We could write the following terms in this way:

log 5 (1) = log 5 (5^0)

We'll use the power property of log:

log 5 (1) = log 5 (5^0) = 0* log 5 (5) = 0

log 5 (125) = log 5 (5^3) = 3* log 5 (5) = 3*1 = 3

** log 5 (1/125) = log 5 (1) - log 5 (125) = 0 - 3 = -3**

log5 (1/125)

Solution:

Since 5 is under log , we pressume log 5 is as good as logarithm of 5 to the base 10.
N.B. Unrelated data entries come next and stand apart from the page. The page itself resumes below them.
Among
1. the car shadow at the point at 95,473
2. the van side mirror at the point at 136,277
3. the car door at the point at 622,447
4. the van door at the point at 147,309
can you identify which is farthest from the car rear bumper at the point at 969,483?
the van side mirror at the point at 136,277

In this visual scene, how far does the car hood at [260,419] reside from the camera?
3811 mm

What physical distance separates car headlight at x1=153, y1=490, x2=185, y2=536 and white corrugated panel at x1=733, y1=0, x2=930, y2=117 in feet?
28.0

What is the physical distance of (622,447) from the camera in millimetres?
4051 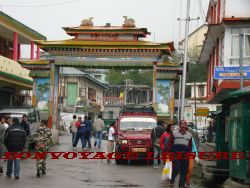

Then log 5 (1/125) = log5+ log (1/125) = log5 + log (1/5^3), log(ab) = log a+logb , log (a/b) = log a- logb , logarithm properties.

= log5+log(1) - log5^3 =

= log5 +0 -3log5, as log(1) = 0 and log a^b = bloga.

=log5 -3log 5

= -2log5

= - 2*0.690970004

= -1.397940009.

If the 5 is base of logarithm, then log5 (1/125) = log5 (1/5^3) = log5 (5^(-3) ) = -3 , as logk (k^m) = m, by definition of logarithm.